15 Temmuz 2016’daki darbe girişiminin ardından ilan edilen Olağanüstü Hal (OHAL) sürecinde çıkarılan Kanun Hükmünde Kararnameler (KHK) ile 125 binden fazla kamu emekçisi, herhangi bir hukuki süreç işletilmeden görevlerinden ihraç edildi. Bu ihraçlar arasında, Kamu Emekçileri Sendikaları Konfederasyonu (KESK) üyesi 4 bin 259 kişi de yer aldı. Aradan geçen yıllara rağmen bu mağduriyetlerin büyük çoğunluğu hâlâ giderilmiş değil. OHAL İşlemleri İnceleme Komisyonu bugüne dek yalnızca 17 bin 265 kişiyi göreve iade etti.

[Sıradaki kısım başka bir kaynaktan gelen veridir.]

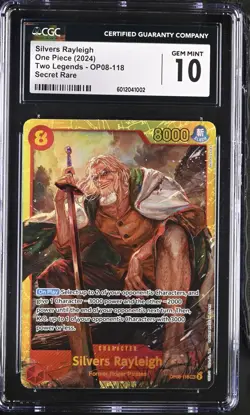 ONE PIECE TWO LEGENDS | SECRET RARE | SILVERS RAYLEIGH OP08-118 | CGC GRADED 10 - Image 1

Ekran Görüntüsü 2025 07 31 093706

Barış, demokrasi ve hukuk taleplerinin yeniden gündeme geldiği bu günlerde, KHK mağdurlarının adalet arayışı da tüm yakıcılığıyla devam ediyor. Bu çerçevede, Halkların Demokratik Kongresi (HDK) içinde faaliyet yürütmüş ve KHK ile ihraç edilmiş KESK üyelerinin durumu bir kez daha kamuoyunun dikkatine sunuldu. Açıklamada, özellikle Eğitim Sen üyesi Elif Bakmaz Ölper’in hukuksuz biçimde ihraç edilmesi ve mahkeme kararıyla göreve iade talebinin reddedilmesi örnek gösterildi. Ölper’in, 2012 yılında HDK Adana bileşenlerinde yer alması, Ankara Bölge İdare Mahkemesi tarafından “örgütle iltisaklılık” gerekçesiyle meslekten uzaklaştırılmasına dayanak yapıldı. Mahkeme, Emniyet istihbaratına dayalı, somutluk içermeyen bir yazıyı tek delil olarak kabul etti.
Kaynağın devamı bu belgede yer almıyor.